You doubtless know that Mindset Theory has been increasingly doubted–and increasingly defended–in the last two years or so.
(In this post, for example, the author updates his earlier criticism of Mindset Theory and largely ends up defending Dweck–or, at least, criticizing her critic. His back-n-forth on this question helpfully represents the nature of the current debate.)
A recently published study looks carefully at a specific set of claims often advanced in Mindset world:
First: that girls and women have a fixed mindset more often than boys and men, and
Second: the smarter the girls and women, the likelier they are to have fixed mindsets.
In other words, for Mindset
First: gender matters, and
Second: for girls and women, intelligence matters.
What Did The Researchers Find?
Nope, and nope.
In their research, which included not only college students but also adults in the population at large, Macnamara and Rupani found no consistent patterns in either direction.
That is: in their research, there was no consistent gender split on Mindset. And, for men as well as women, intelligence level didn’t consistently influence Mindset; nor did a Growth Mindset predict academic accomplishment.
In truth, as you’ll see if you look at the graphs, they got quite a complex muddle of results. It’s genuinely difficult to pick out meaningful patterns in all their data.
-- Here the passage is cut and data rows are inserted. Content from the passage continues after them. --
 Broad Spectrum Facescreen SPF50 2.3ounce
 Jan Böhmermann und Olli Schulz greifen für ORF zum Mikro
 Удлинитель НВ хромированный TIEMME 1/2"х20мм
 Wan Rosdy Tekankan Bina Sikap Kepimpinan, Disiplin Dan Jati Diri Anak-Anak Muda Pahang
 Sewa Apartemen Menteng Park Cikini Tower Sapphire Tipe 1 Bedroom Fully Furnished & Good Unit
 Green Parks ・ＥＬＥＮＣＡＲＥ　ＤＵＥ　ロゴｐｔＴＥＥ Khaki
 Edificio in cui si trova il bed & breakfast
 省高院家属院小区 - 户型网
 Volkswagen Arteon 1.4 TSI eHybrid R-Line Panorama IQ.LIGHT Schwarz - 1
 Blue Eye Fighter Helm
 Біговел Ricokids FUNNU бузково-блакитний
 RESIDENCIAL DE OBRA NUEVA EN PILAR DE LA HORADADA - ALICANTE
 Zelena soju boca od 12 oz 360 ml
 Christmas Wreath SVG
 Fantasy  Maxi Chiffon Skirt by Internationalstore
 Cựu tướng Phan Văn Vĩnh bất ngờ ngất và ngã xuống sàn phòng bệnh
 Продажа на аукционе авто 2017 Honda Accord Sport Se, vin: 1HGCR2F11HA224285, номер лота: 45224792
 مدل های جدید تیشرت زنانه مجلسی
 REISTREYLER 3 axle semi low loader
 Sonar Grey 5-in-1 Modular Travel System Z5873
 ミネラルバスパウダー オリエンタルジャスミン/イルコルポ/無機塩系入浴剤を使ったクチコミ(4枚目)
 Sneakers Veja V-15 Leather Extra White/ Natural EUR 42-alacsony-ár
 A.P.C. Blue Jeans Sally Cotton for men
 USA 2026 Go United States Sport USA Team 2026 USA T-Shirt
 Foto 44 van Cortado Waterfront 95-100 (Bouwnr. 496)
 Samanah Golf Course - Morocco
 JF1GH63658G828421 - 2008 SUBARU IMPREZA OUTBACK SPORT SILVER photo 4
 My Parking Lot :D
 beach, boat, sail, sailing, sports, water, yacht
In my experience, Dweck tends to be quite open and responsive to thoughtful critique. Unlike some researchers who refuse to recognize those who disagree with their work, she is remarkably comfortable acknowledging debate and rethinking her own research.
So: I’ll be curious to see if and how she responds to this study.
There is, by the way, a broader message here as well. Although Mindset Theory is quite well established in the field of education, it is still up for discussion in the field of psychology.
Those of us who shape our classrooms and our schools with such theories in mind should be sure to check back in and see if they are holding up over time.